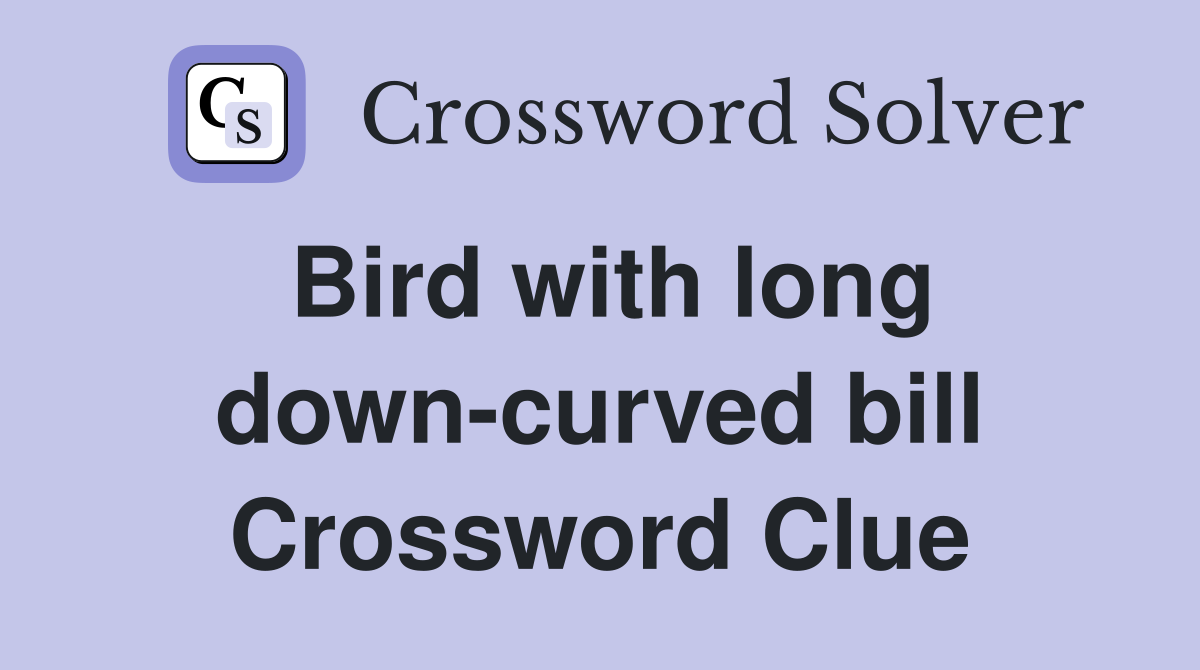 Bird with long down-curved bill Crossword Clue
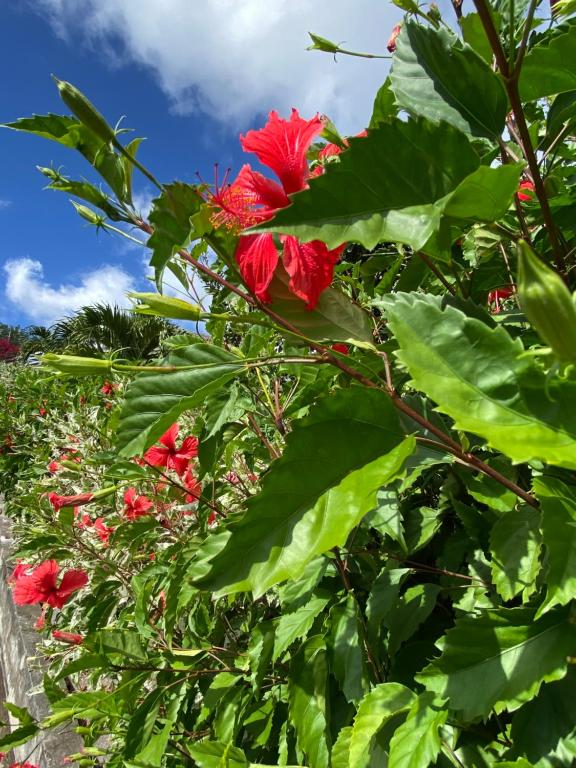 Un jardín fuera de Locations Morne aux Vents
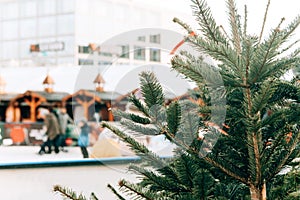 Christmas tree or fir branches in the foreground. The skating rink in Berlin in Alexanderplatz is blurred in the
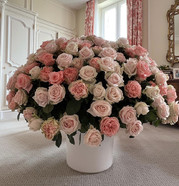 Girl-with-a-Pearl-Earring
== == ==
▶ Work request:
Print, exactly and only, the lines running from the line with "Christmas tree or" through the last line of the data, including both. Skip any picture.

▶ Your response:
 Christmas tree or fir branches in the foreground. The skating rink in Berlin in Alexanderplatz is blurred in the
 Girl-with-a-Pearl-Earring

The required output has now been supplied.